=== Begin Enclosure ===
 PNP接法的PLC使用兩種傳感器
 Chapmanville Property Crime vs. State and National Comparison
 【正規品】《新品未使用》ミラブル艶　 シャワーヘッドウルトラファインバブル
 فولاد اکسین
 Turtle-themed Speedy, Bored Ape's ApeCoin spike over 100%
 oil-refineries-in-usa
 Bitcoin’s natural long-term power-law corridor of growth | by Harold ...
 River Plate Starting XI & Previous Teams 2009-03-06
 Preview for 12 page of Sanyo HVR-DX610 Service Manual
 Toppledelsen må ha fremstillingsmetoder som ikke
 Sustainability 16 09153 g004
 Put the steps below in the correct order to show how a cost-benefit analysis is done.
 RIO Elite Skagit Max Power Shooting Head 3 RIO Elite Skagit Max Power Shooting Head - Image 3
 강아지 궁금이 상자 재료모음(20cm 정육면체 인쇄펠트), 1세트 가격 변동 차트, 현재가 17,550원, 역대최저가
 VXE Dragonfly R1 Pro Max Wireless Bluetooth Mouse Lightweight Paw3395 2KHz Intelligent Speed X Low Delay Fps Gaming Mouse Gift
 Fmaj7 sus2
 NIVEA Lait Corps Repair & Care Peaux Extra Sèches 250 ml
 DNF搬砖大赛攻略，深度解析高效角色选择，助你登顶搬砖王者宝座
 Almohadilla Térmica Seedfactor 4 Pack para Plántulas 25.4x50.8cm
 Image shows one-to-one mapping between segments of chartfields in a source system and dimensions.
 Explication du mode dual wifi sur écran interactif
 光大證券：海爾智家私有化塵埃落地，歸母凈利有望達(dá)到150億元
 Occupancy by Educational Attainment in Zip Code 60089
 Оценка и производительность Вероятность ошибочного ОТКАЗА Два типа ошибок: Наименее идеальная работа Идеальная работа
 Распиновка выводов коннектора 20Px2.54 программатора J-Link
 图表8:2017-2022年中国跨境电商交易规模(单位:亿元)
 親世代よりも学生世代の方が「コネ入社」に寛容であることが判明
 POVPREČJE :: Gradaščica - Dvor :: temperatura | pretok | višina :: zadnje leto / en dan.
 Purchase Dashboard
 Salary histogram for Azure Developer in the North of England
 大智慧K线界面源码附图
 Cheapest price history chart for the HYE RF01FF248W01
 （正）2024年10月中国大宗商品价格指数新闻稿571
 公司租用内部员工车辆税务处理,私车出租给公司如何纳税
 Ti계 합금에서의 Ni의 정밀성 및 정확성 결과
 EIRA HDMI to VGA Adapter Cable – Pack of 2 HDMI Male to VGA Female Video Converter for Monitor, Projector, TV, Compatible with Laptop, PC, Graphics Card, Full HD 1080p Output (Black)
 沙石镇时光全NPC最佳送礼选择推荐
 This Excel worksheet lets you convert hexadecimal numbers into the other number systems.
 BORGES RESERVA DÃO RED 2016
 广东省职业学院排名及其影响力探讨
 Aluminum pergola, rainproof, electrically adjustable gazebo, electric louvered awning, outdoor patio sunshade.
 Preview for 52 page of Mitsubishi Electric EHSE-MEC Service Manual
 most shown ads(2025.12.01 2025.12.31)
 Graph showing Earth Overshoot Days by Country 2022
=== End Enclosure ===
**TASK DETAILS:**
Retype the records above exactly, from their first line through the line that contains "Распиновка выводов коннектора", and stop there.

**ANSWER BOX:**
 PNP接法的PLC使用兩種傳感器
 Chapmanville Property Crime vs. State and National Comparison
 【正規品】《新品未使用》ミラブル艶　 シャワーヘッドウルトラファインバブル
 فولاد اکسین
 Turtle-themed Speedy, Bored Ape's ApeCoin spike over 100%
 oil-refineries-in-usa
 Bitcoin’s natural long-term power-law corridor of growth | by Harold ...
 River Plate Starting XI & Previous Teams 2009-03-06
 Preview for 12 page of Sanyo HVR-DX610 Service Manual
 Toppledelsen må ha fremstillingsmetoder som ikke
 Sustainability 16 09153 g004
 Put the steps below in the correct order to show how a cost-benefit analysis is done.
 RIO Elite Skagit Max Power Shooting Head 3 RIO Elite Skagit Max Power Shooting Head - Image 3
 강아지 궁금이 상자 재료모음(20cm 정육면체 인쇄펠트), 1세트 가격 변동 차트, 현재가 17,550원, 역대최저가
 VXE Dragonfly R1 Pro Max Wireless Bluetooth Mouse Lightweight Paw3395 2KHz Intelligent Speed X Low Delay Fps Gaming Mouse Gift
 Fmaj7 sus2
 NIVEA Lait Corps Repair & Care Peaux Extra Sèches 250 ml
 DNF搬砖大赛攻略，深度解析高效角色选择，助你登顶搬砖王者宝座
 Almohadilla Térmica Seedfactor 4 Pack para Plántulas 25.4x50.8cm
 Image shows one-to-one mapping between segments of chartfields in a source system and dimensions.
 Explication du mode dual wifi sur écran interactif
 光大證券：海爾智家私有化塵埃落地，歸母凈利有望達(dá)到150億元
 Occupancy by Educational Attainment in Zip Code 60089
 Оценка и производительность Вероятность ошибочного ОТКАЗА Два типа ошибок: Наименее идеальная работа Идеальная работа
 Распиновка выводов коннектора 20Px2.54 программатора J-Link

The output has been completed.